Now for the negative issues. Nicki, played by Chloe Segivny, is not what polyamory is about. It sadly makes for good TV. Her character is selfish, childish, manipulative and dishonest. - four things that would most likely end a polyamorous and most likely a monogamous relationship in real life. It all begins when Nicki grows irate at Barb who is trying to reset their schedule so Nicki will have Bill when she is most likely to be ovulating. However Nicki believes that she should get extra time with Bill when her temperature spikes are the highest. After Barb leaves, she swallows a birth control pill and then tucks it away in a safe hiding spot.

Later on, after one of her credit cards is refused at one of Bill’s stores, Barb has to bail her out. Nicki, it appears, also tried to use a discount card available only to family members and is being suspected of identity theft. Once alone in the car with Barb she explodes, stating that she feels that she should not have to ask Barb’s permission for everything. She also resents the lack of public life with Bill and her feeling that she has no control over anything. Barb states that she does appreciate Nicki for all she does, which softens the fight but does not resolve the underlying issues of the fight.

Afterward she tells Barb that she hopes she has a little baby girl - in honor of her.

Polyamory is about expanding love and honesty, and although jealousy and disagreements occur with all parties involved it has been my experience that the parties involved are normally able to find some common ground. Or at least part on good terms. I have seen this happen time and time again in my relationships and with my polyamorous friends.

Nicki is letting the green-eyed monster named jealousy eat her very soul. Her comments to Marge, the youngest of the three wives, are nearly abusive in scope. Her manipulation of the family, stating that she wishes to have another child where clearly she doesn’t, is nearly psychotic in nature.

These are the behaviors that destroy monogamous relationships as well as polyamorous ones. One positive I gathered from this episode was when Barb told a friend of hers, and a fellow polygamist, about her affair. Barb loves the excitement of sneaking around, however she is warned about getting hurt. Although she understands how difficult it is to feel special in this type of relationship, Barb needs to remember that there are two other women that are also married to the same man, and they love him also.
The message, although subtle was very clear. We must take all our partners hopes and dreams into consideration; what we do not only affects ourselves but those around us as well.

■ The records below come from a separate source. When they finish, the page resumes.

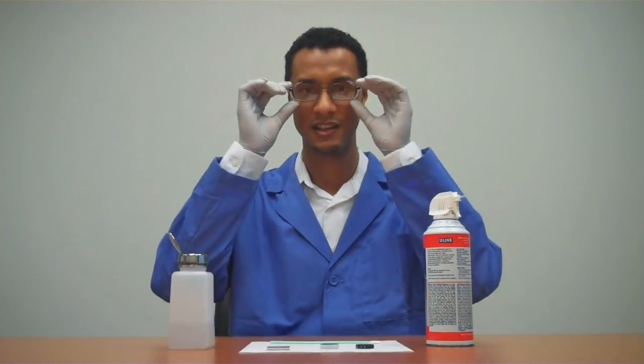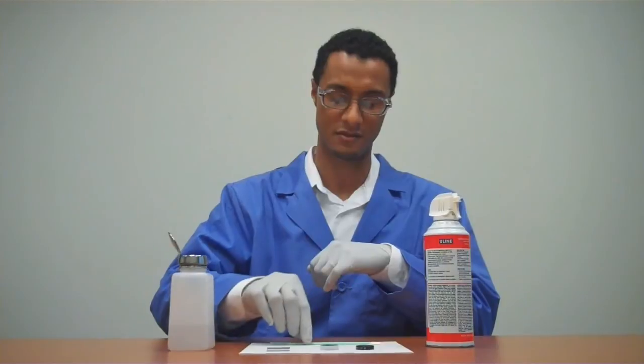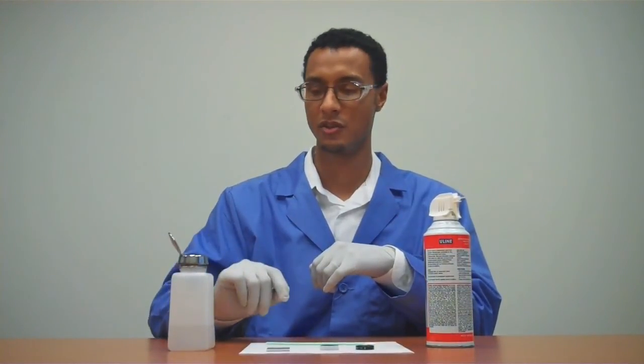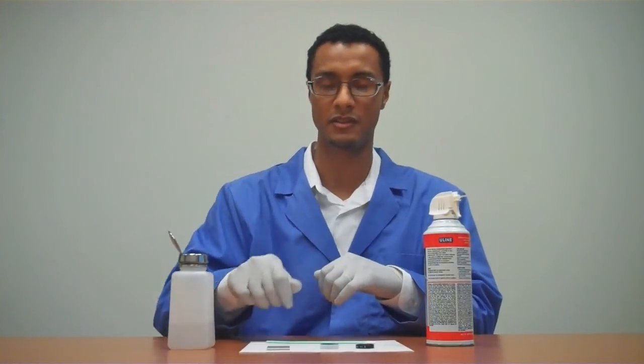Before we get started, we'll need a few things: safety glasses, laboratory gloves, compressed air, lint-free swab, cleaning solvent — isopropyl alcohol or acetone — and of course, Semrock filters.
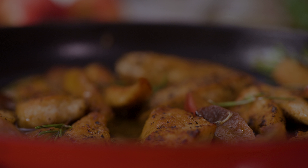For added flavor, sprinkle with dried thyme or rosemary, adjusting the amount to suit your taste. Heat some olive oil in a large skillet over medium-high heat, ensuring the pan is hot before adding the chicken.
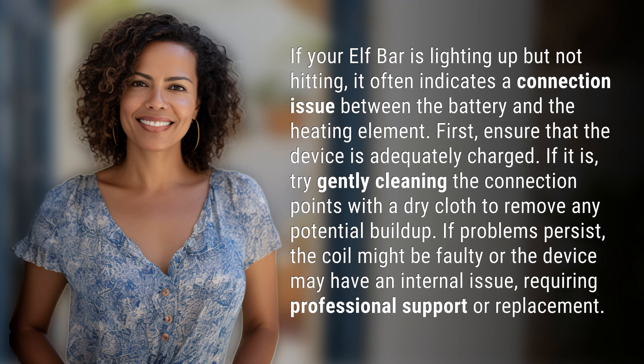If problems persist, the coil might be faulty or the device may have an internal issue, requiring professional support or replacement.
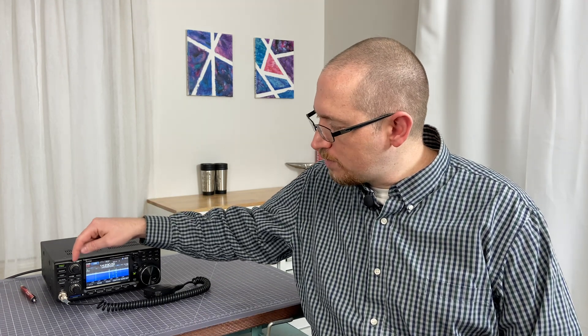Hello and welcome to another episode of Transmitting Until Robots Replace Us and a two-minute tutorial for the ICOM 7300 and how to use this knob right up here at the top — that's the twin passband tuning knob. So let's just dive right in and put two minutes on the clock.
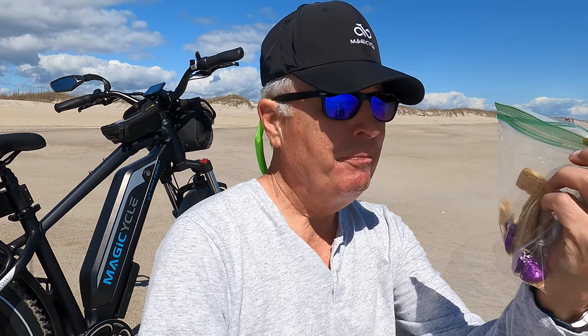Sitting out here on a beautiful day, not too hot, warm sun — beautiful surf fishing. Having a little bit of a snack, even sneaking in some chocolates because my wife is out here with me. This is great.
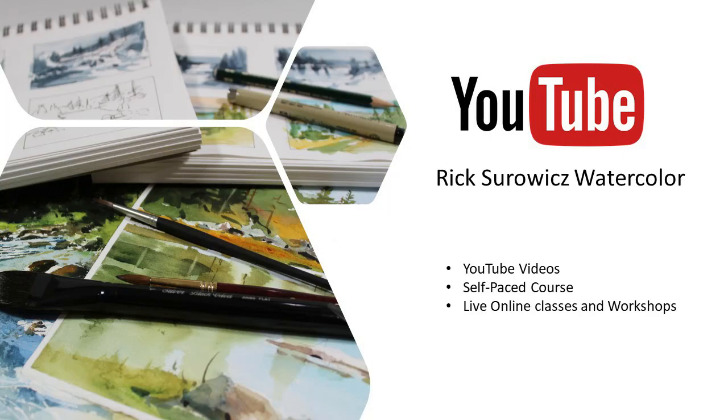Welcome to my YouTube channel, Rick Swartz Watercolor. This video is one in a series of videos I'm doing of Christmas cards for 2020. I hope you enjoy this, and if you do enjoy my channel, be sure to subscribe by clicking on the icon in the lower right-hand corner if you haven't already. And if you do like this video, be sure to like it and share it with others.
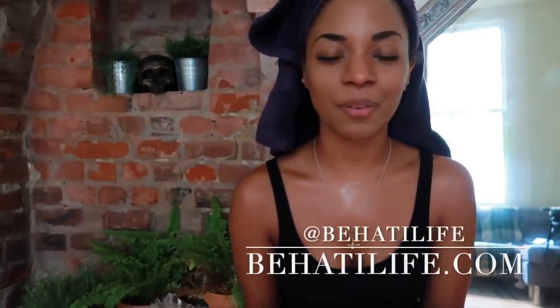Hey everyone, welcome back to my channel. Franklin's here if you can't tell. You know, dogs sense things faster than sometimes we humans can. Welcome back to my channel. I'm Jessica Alexandria, the head witch behind Bahati Life Apothecary. Thank you so much for tuning in.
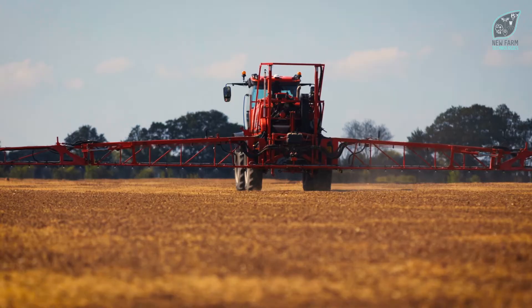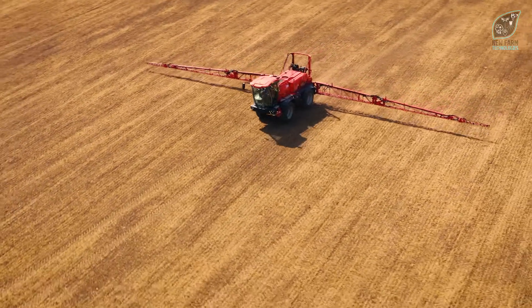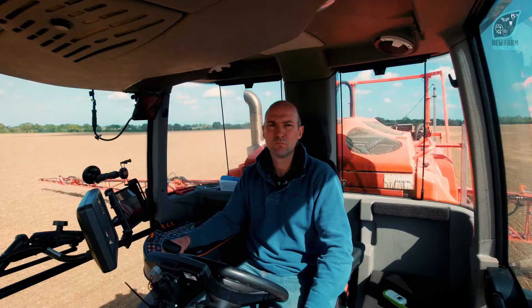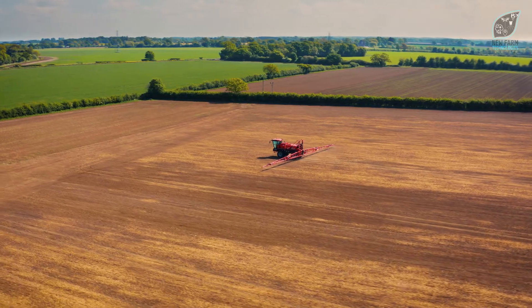We use the 3D90 nozzle for our pre-emergence work. I find the key advantage is being able to go out on a spray day any given time in the autumn and be able to put a pre-em on. We can go and get the job done when it needs to be done, not when the weather is dictating to us.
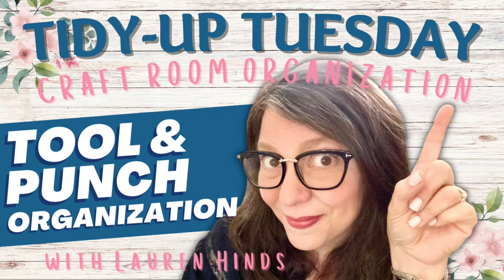Welcome back to Tidy Up Tuesday! I'm just doing a little refresh and checking in with everyone. Let's see how you're doing. Marty's here and ready. I've got my YouTube stream coming in and checking on Facebook too. This is just a safe place to share and enjoy talking about craft room organization.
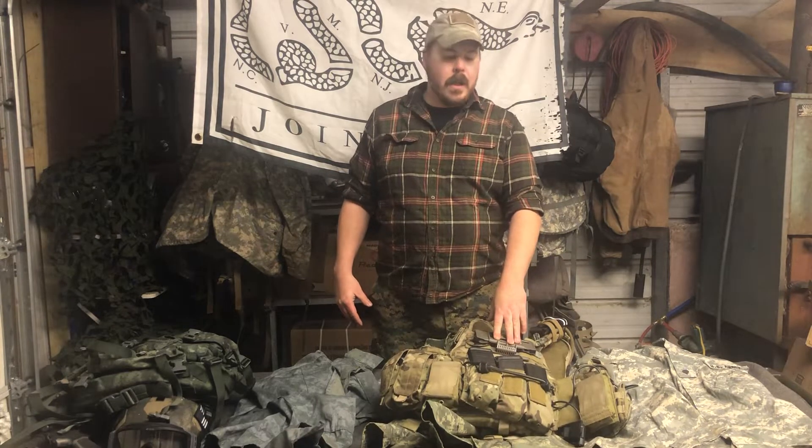A lot of people ask me, hey where do you get the best multicam? Where do you get the best OCP? Where do you get this and that? Should I get some Crye gear? Me personally, I get whatever is cheap.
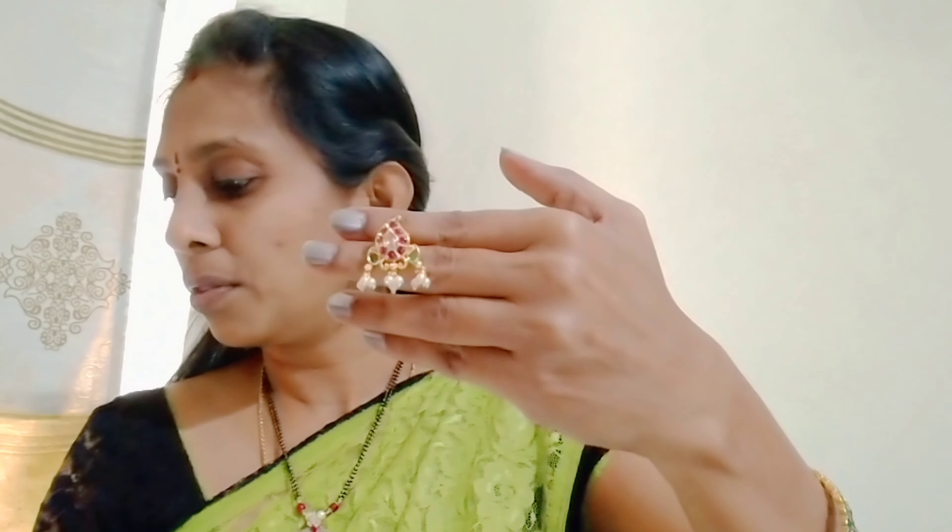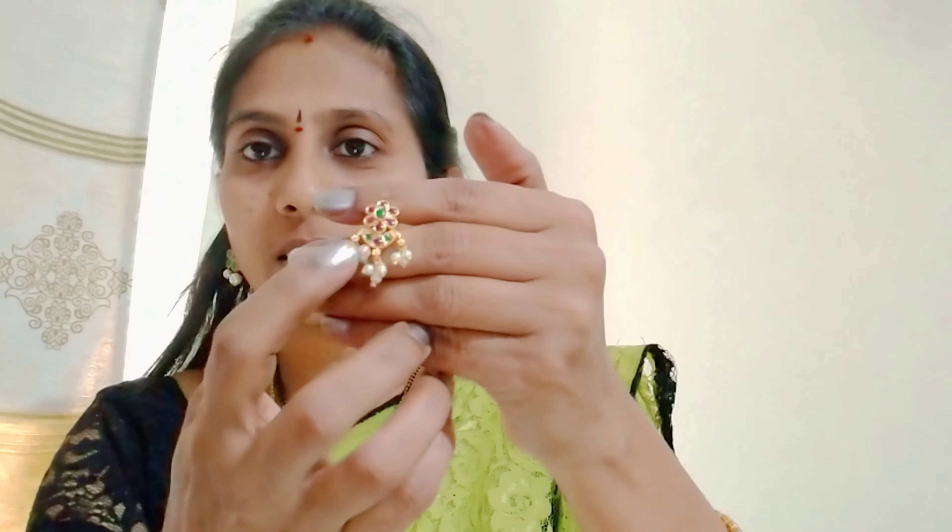This is available in white color as well. We can try green color. This is the gold polish collection. Let's take a look at the size and color. This is a flower shape with lots of flowers. The pineapple design has pink and green. It is a very cute color.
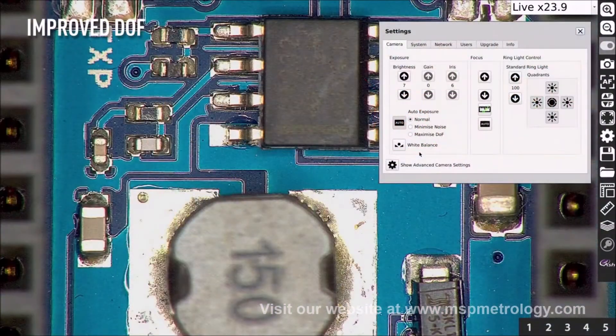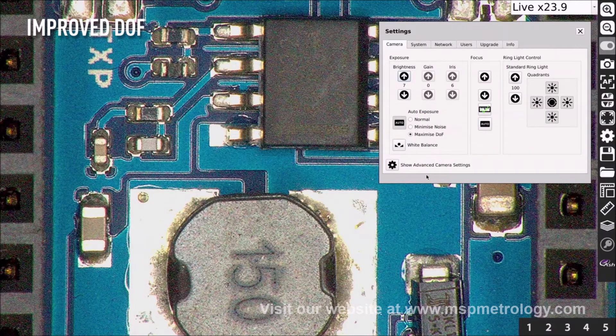The InSpecs 3 has improved depth of field, making inspecting parts much faster and more efficient, without the need for changing focus positions or adjusting camera height.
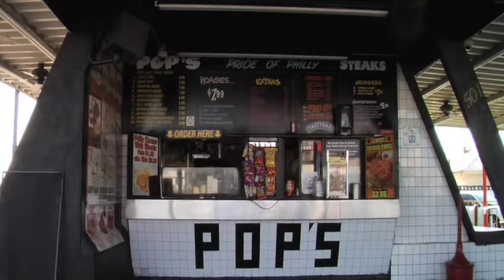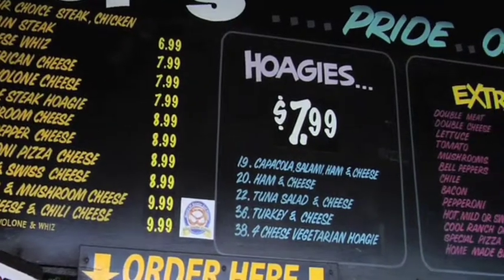Hey everyone, welcome to Pops Philly Steaks. I'm Steve, the Ugly Grill Master. I'm here today to show you how to prepare the best original Philly Cheesesteak in Las Vegas and how you can come close to it at home. So now let's show you how to make one.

The show ends on a high note when Bill returns home after several days away at the compound where he was raised, attending Roberta’s funeral. Ben, his oldest son watches from a distance as the wives and various children all rush in and welcome him home. Later, Ben and Bill are sitting by the pool and they talk about polygamy. Insert the word “polyamory” into the speech the father gives the son and you see why I believe that this show has some redeeming values.

Ben -“Do you think I could have more than one wife someday?”
Bill - “Plural marriage is a tremendous responsibility, it can be terribly abused. It’s not for every man. God calls you to it and we have to answer with fortitude.”


My old dog-eared American Heritage Dictionary defines fortitude as “Strength of mind that allows one to endure pain or adversity with courage.” Polyamorous relationships do contain their fair share of adversity, but the rewards can be truly amazing.